- [Exercise objective] Print the data exactly as written, line for line, and leave its pictures behind.

- [Raw data]
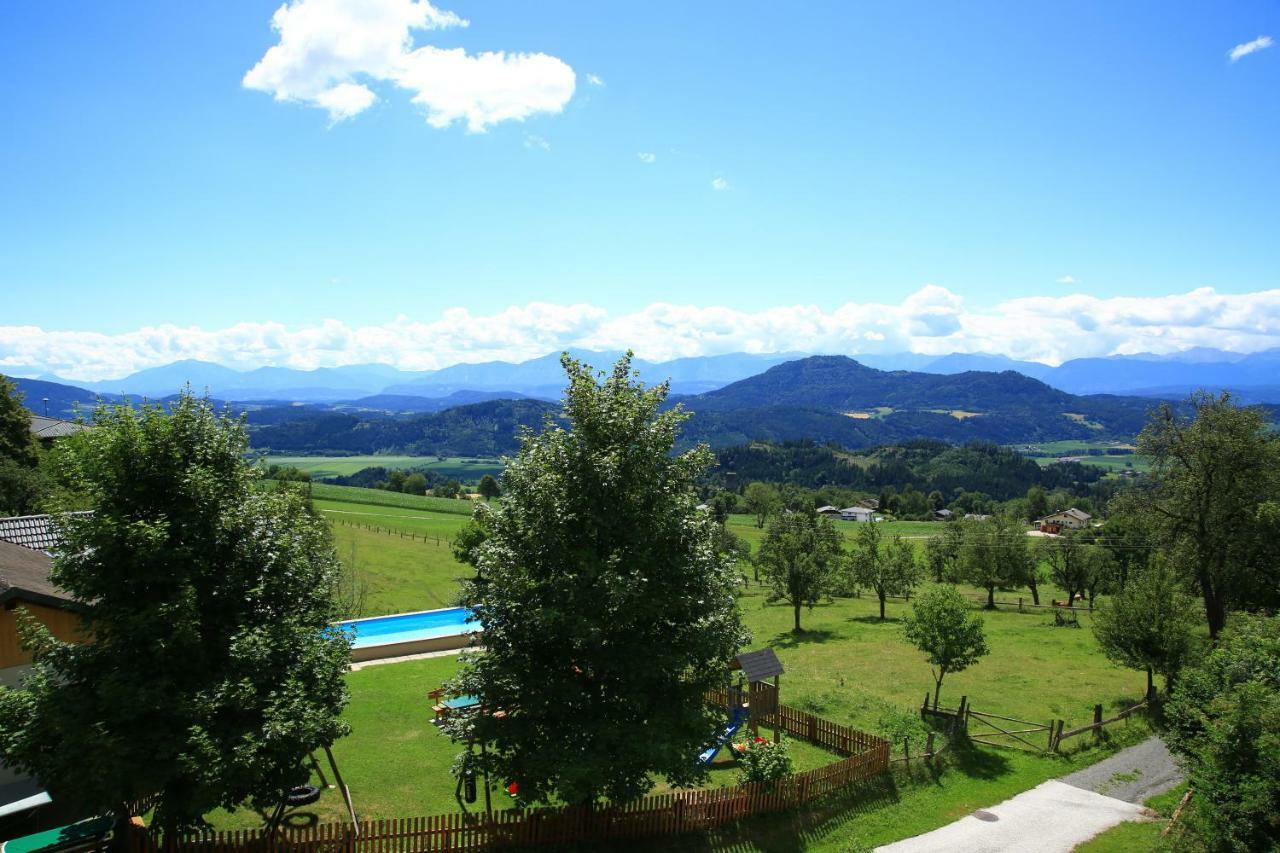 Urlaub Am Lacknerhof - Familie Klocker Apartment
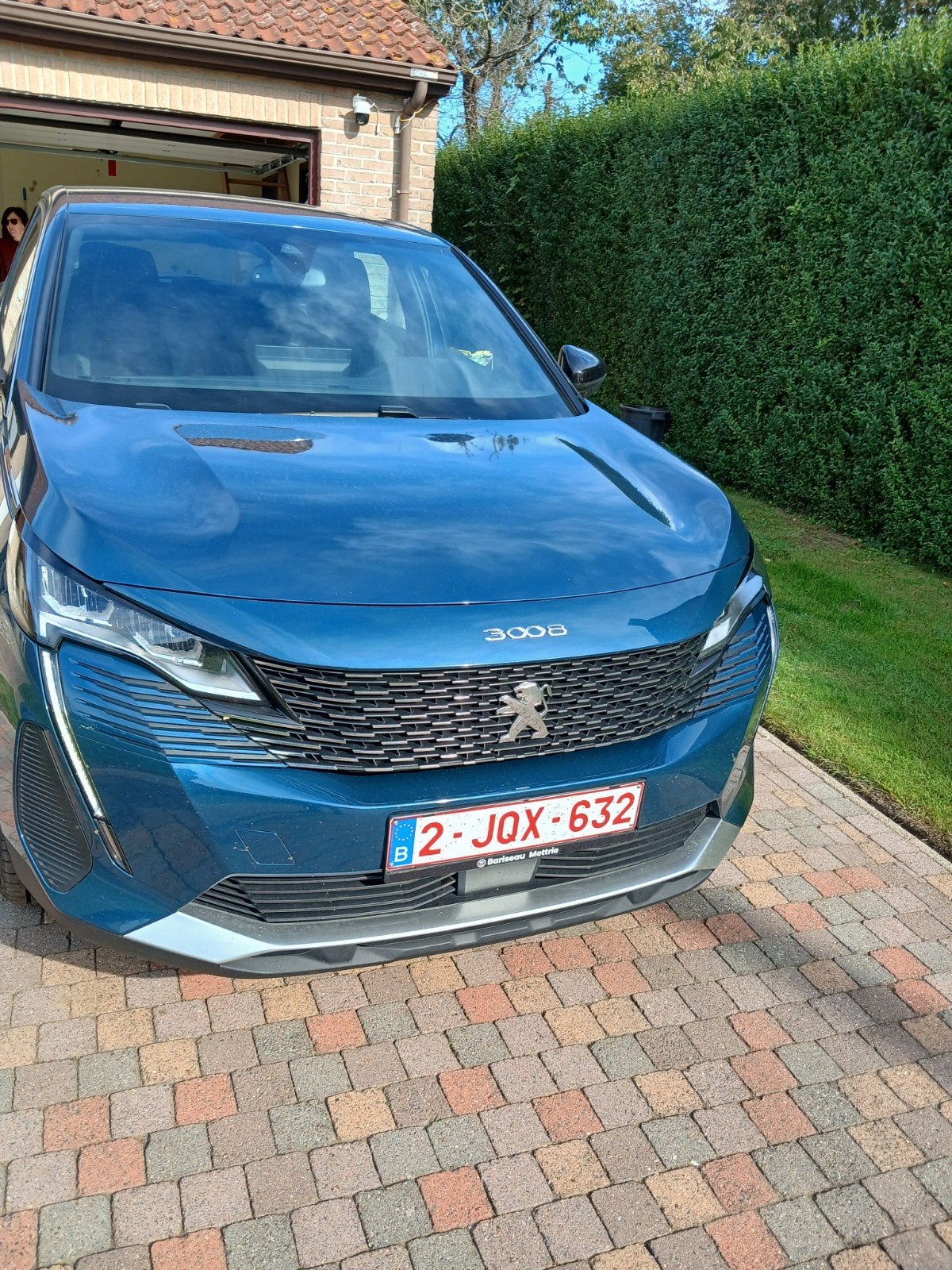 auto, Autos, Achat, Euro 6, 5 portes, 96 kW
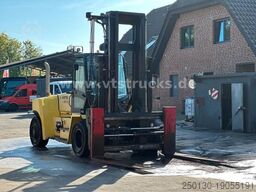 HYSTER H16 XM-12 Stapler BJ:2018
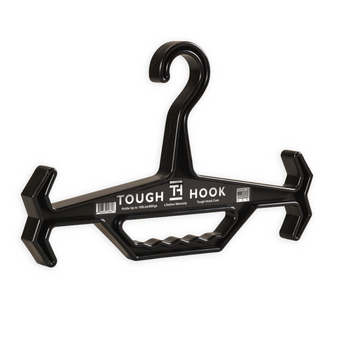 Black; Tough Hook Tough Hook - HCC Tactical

- [Exercise answer]
 Urlaub Am Lacknerhof - Familie Klocker Apartment
 auto, Autos, Achat, Euro 6, 5 portes, 96 kW
 HYSTER H16 XM-12 Stapler BJ:2018
 Black; Tough Hook Tough Hook - HCC Tactical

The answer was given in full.